The other week, two separate and apparently unrelated events occurred on consecutive days with respect to electronic health records (“EHRs”) that dramatically underscore the focus of this series. Governing Boards of hospitals and other stakeholders must place a very high priority in their struggle to cope with the new and somewhat uneven landscape of health information technology (“HIT”).

On July 16, 2009, Health Data Management reported that “[t]he federal HIT Policy Committee has approved revised recommendations of a workgroup for an initial definition of ‘meaningful use’ of electronic health records systems. The report goes on to emphasize that “[t]he definition is important because providers must demonstrate meaningful use of EHRs to qualify for Medicare and Medicaid incentive payments starting in 2011 under the economic stimulus law.”

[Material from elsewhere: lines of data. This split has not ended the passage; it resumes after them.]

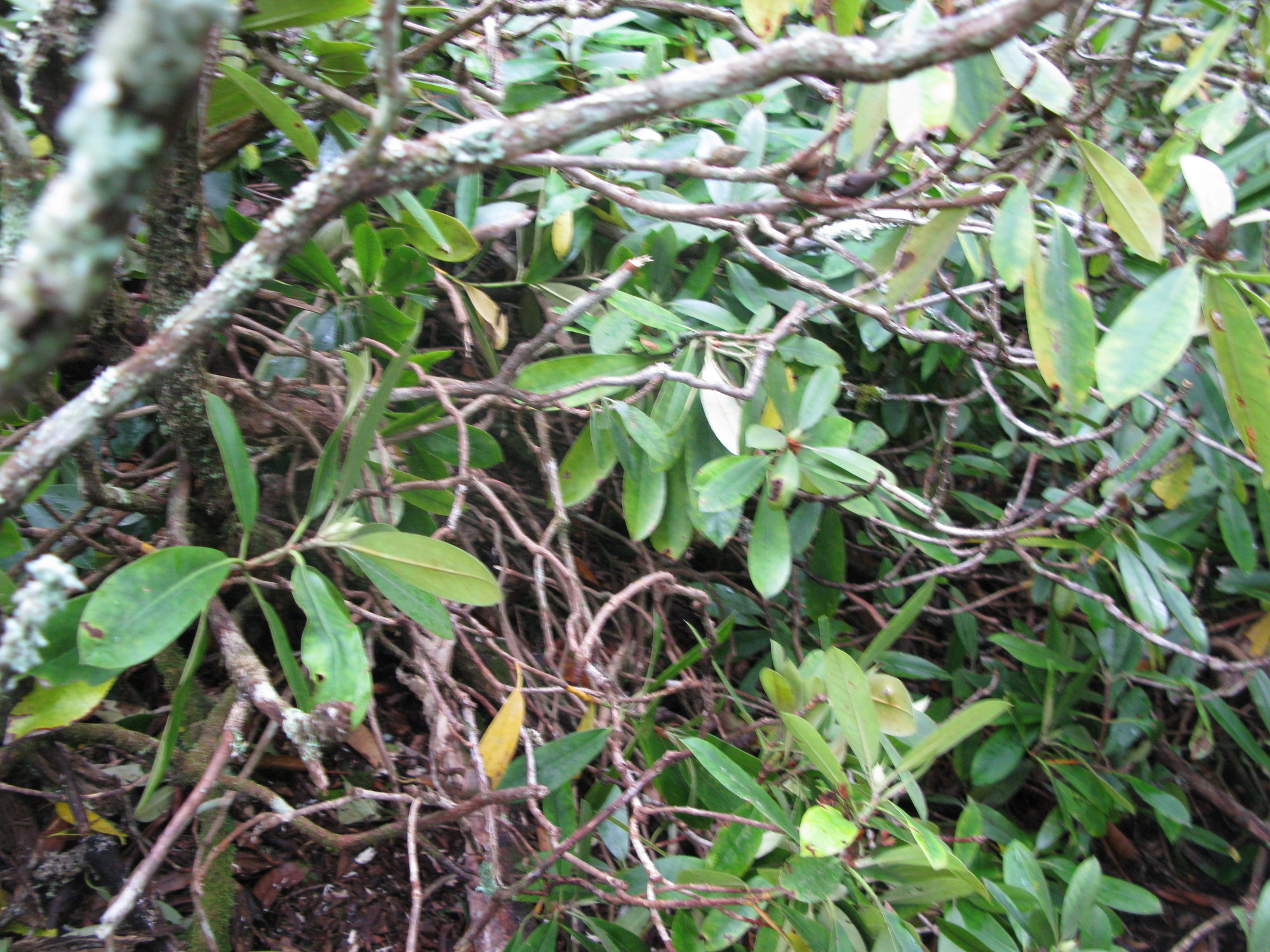 GRSM Accuracy Assessment. Plot Code: GRSM_AA_0311_4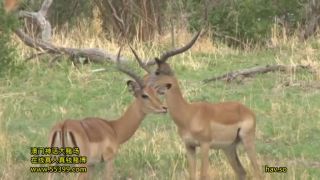 Wild Kingdom 2 African Aboriginals (Amateur porn) Uehara Ai-0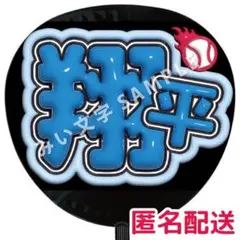 野球 侍ジャパン WBC 応援ボード パネル 大谷翔平 - メルカリ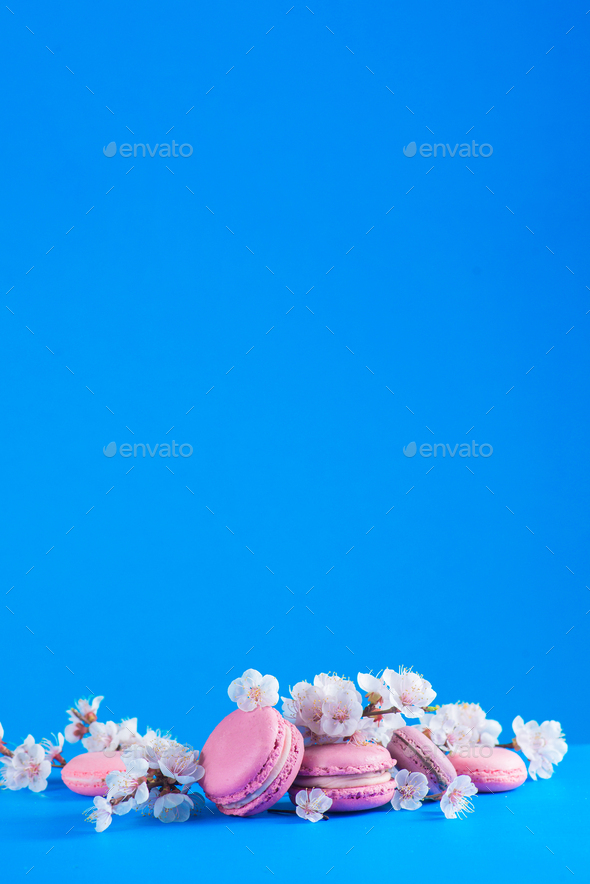 French macaroon cookies with cherry blossom flowers on a sky blue background  with copy space. Color Stock Photo by dinabelenko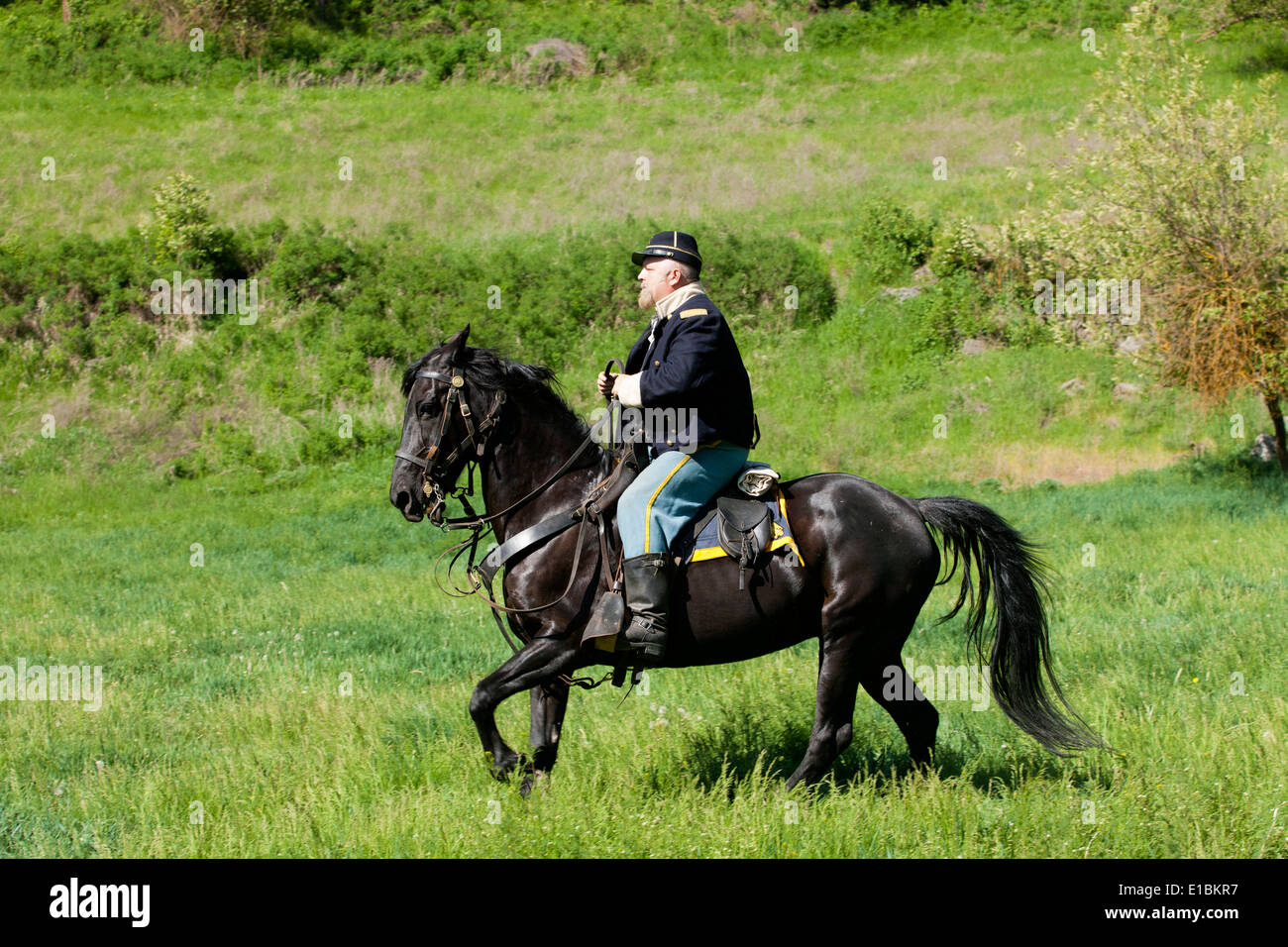 Union Kalvarienberg Reenactor auf Pferd. Stockfoto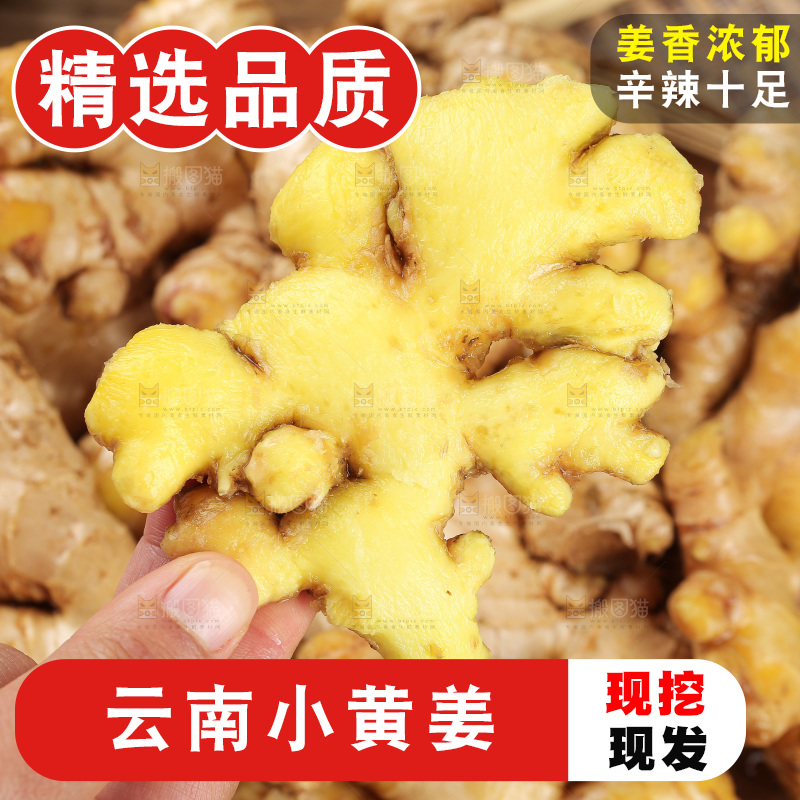 深底上的小黄姜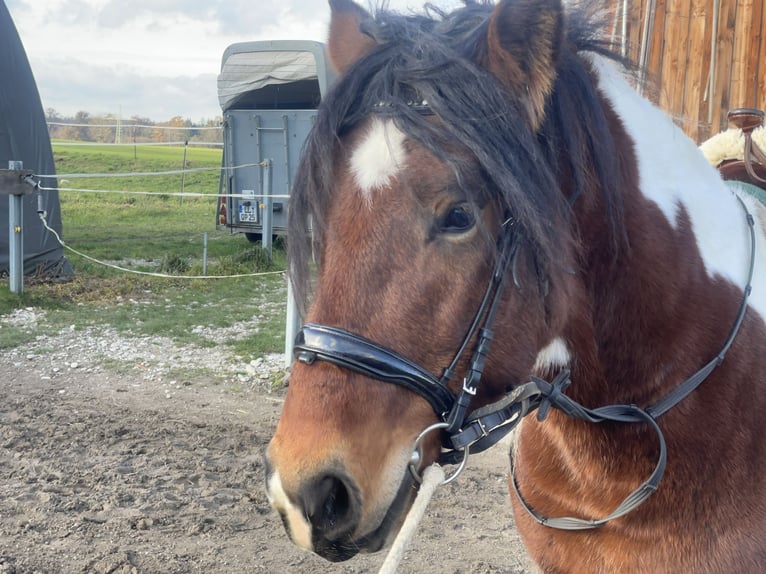 Schweres Warmblut Wallach 3 Jahre 155 cm Tobiano-alle-Farben in Fuchstal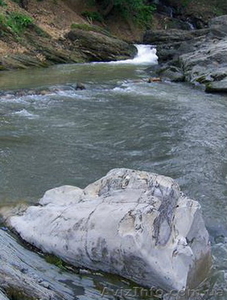 с.Шешоры, продажа участка 60 соток возле горнолыжного подъёмника.Без комиссии. #186939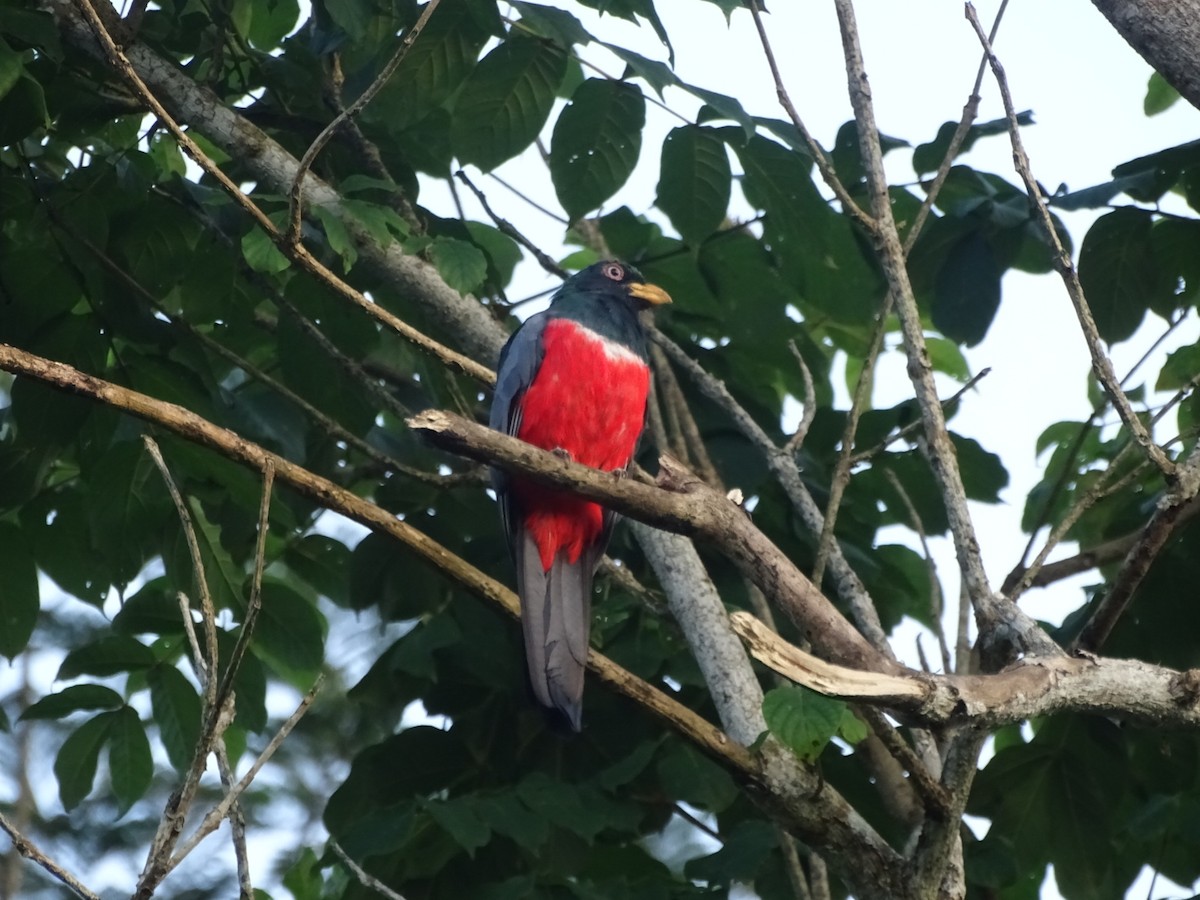 Trogon d'Équateur - ML156961991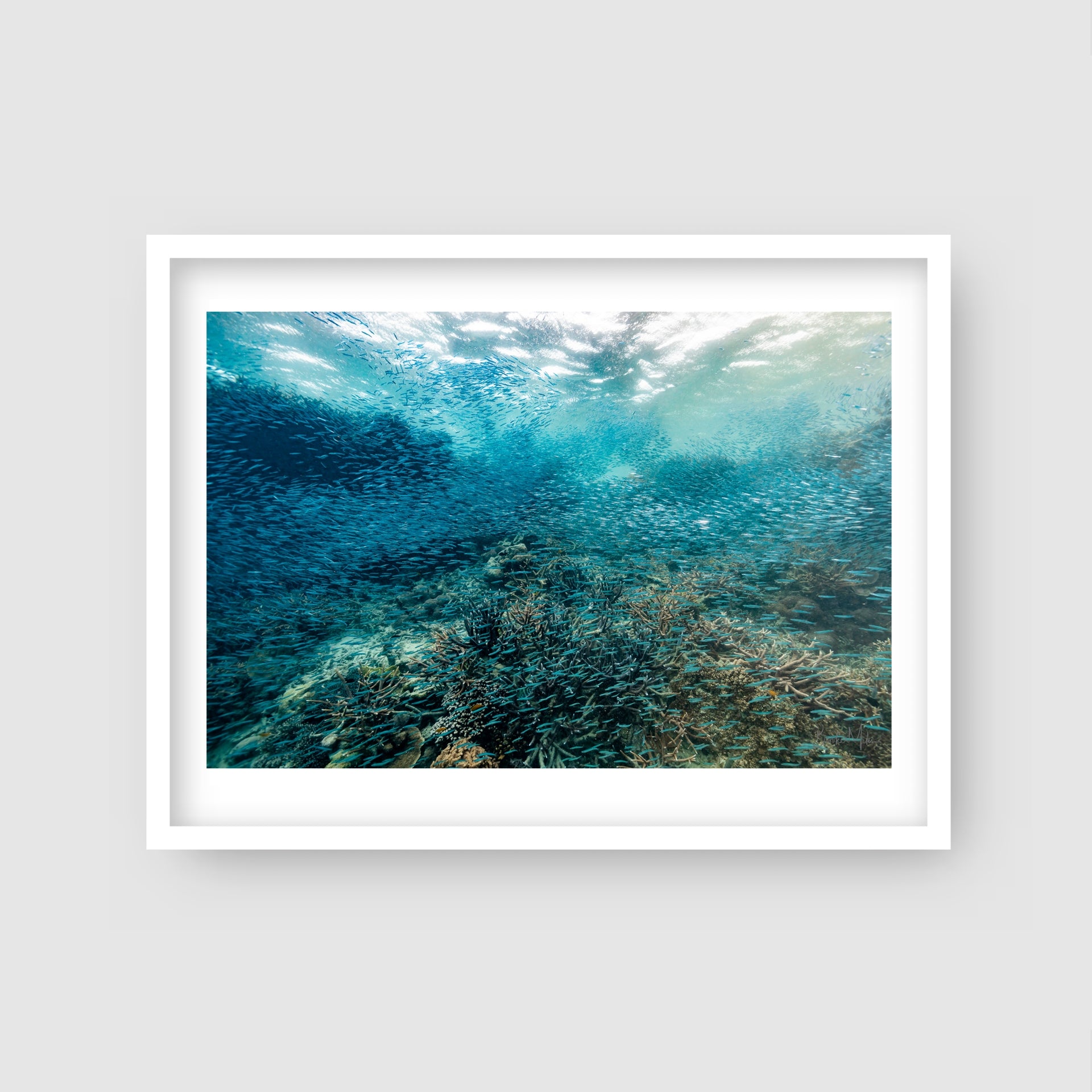 Swarm - Fish Print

Therefore, health providers will have to meet minimum prescribed standards for their EHRs if they are to benefit in the future from the federal economic stimulus package under the HITECH Act to recoup a portion of the heavy costs that they will incur to implement their EHRs programs. 

On the following day, July 17, 2009, the federal Department of Veterans Affairs (“VA”) published a press release on its Web site that it will temporarily halt 45 information technology projects which are either behind schedule or over budget. These projects will be reviewed by the VA, and it will be determined whether these projects should be continued. The release goes on to say that each of the 45 affected projects will be temporarily halted with no further development until a new project plan that meets the requirements of Program Management Accountability System is created.

Some of the titles of the VA projects that will be halted include significant EHRs-related projects such as “Health Data Repository II,” “Clinical Data Service,” “Home Telehealth Development,” “Occupational Health Record Keeping System,” “Lab Data Sharing & Interoperability – Anatomic Pathology/Microbiology” and many others.

By simply securing additional funding from Congress, the VA, as an agency of the federal government that is generally a favorite of the legislators, can retool and retrench its EHRs initiatives after making a relatively embarrassing press release and perhaps enduring some criticism and lost time. 

The Boards of health care providers do not have the luxuries of the VA. They simply cannot afford false starts and mistakes if they are to meet the meaningful use standards of the HITECH Act on a timely basis. As this blog has stated in earlier installments, the survival of many hospitals is threatened by the uncertainties of possible health care reform, declining patient population, reduced reimbursement, heavy regulation, intense competition, dwindling donor contributions and heavy endowment losses for non-profit hospitals, a history of unclear returns from past substantial investments in HIT and many other factors. The costs of mistakes for the private sector hospitals are not simply the embarrassment or lost time of the VA. They are the huge outlays for conversion to EHRs and the potential for losing access to the federal stimulus funds.

These questions and others must be properly considered at a high level in the hospital, with committed Board oversight, in order to avoid or mitigate liability and loss that will result from expensive choices made with inadequate or incomplete information.